#### What is being asked
Below are the records; tally the lines in them that include the word "Casual" and reply with the number alone.

#### Available records
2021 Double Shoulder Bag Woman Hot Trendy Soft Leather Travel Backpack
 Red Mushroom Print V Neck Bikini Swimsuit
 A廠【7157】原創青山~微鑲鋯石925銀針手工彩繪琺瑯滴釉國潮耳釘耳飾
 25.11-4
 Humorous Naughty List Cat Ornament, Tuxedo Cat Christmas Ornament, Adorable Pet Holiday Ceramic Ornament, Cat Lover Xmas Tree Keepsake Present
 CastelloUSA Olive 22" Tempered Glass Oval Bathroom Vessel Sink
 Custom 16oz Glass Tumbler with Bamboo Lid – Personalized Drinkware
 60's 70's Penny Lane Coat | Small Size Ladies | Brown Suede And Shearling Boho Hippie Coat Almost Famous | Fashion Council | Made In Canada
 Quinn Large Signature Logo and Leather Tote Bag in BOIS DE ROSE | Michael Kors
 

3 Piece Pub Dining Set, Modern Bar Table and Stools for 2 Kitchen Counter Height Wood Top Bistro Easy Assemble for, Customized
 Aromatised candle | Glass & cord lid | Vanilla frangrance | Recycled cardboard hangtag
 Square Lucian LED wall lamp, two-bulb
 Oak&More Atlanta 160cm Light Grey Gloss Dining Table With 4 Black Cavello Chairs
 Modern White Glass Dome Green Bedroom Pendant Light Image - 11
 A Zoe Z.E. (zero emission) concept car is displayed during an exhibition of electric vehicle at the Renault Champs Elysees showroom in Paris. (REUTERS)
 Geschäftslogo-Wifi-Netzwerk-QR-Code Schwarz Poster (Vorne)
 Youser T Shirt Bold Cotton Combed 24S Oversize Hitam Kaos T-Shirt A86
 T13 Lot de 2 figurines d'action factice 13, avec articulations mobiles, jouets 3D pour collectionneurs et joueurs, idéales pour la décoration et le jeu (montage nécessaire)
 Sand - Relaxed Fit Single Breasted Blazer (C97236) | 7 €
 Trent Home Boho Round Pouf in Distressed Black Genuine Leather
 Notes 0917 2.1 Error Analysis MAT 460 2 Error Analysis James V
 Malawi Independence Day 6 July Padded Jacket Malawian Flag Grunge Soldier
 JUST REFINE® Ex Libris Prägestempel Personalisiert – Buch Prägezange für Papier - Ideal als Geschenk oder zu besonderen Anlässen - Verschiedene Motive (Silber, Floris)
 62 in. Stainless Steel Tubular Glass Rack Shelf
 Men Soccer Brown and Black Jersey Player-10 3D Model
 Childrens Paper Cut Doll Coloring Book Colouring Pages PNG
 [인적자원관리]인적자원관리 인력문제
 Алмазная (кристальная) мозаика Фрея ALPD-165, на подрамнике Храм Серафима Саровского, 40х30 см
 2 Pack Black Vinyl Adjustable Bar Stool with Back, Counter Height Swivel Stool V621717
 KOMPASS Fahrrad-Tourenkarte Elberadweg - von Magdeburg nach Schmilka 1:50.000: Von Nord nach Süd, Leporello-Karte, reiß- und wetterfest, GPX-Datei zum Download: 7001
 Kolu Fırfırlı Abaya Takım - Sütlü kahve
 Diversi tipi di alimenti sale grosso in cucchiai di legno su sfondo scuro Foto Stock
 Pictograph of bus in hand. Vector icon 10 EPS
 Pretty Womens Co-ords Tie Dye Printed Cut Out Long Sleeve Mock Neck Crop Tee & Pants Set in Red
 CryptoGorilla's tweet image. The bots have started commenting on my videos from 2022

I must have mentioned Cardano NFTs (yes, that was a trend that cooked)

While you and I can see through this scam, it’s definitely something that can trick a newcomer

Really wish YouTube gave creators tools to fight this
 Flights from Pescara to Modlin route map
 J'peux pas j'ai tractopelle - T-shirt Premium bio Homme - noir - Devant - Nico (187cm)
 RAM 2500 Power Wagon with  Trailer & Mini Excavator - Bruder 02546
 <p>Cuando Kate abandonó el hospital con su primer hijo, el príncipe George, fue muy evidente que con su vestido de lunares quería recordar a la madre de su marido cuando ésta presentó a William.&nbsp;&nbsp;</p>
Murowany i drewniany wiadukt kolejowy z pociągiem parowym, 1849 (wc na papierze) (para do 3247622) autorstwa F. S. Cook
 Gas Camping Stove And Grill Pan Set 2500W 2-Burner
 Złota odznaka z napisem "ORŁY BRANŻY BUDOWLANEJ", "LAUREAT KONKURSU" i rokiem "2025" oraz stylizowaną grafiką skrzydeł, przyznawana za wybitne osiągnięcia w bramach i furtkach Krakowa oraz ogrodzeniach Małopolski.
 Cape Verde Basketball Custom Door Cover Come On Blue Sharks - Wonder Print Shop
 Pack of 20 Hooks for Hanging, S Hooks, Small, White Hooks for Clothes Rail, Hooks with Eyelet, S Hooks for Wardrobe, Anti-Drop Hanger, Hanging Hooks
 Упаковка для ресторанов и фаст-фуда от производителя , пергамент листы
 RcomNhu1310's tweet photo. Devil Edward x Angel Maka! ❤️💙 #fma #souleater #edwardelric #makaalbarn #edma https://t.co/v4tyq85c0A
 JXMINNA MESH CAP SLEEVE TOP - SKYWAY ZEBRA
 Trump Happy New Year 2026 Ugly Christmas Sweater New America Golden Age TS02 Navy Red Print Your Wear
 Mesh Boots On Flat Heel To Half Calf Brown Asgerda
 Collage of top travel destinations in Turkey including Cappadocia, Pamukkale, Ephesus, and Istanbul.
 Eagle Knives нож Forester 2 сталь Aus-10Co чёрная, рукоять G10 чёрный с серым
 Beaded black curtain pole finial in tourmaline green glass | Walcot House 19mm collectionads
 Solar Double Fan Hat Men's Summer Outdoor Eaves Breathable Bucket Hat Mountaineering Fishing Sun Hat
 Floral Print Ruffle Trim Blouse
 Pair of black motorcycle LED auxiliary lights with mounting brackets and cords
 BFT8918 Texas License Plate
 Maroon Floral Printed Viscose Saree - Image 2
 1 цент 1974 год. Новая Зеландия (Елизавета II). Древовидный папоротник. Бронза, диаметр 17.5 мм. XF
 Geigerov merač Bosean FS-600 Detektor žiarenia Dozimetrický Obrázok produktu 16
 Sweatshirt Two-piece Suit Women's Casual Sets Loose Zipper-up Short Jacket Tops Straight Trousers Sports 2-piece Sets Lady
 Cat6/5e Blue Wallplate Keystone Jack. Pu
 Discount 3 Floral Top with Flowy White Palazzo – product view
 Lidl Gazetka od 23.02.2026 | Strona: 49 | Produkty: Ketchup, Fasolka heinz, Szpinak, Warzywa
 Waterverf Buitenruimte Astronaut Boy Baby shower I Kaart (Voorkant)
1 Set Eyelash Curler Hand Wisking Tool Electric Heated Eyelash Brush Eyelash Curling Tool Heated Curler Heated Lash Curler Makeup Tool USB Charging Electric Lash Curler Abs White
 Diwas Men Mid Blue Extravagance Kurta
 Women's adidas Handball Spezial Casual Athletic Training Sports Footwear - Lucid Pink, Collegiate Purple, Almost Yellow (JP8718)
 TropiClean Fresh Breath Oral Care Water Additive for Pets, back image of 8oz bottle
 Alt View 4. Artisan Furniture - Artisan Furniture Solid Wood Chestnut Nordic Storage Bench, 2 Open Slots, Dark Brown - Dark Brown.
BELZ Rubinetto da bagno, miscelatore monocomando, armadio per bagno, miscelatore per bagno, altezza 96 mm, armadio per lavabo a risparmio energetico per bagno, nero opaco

#### The answer
2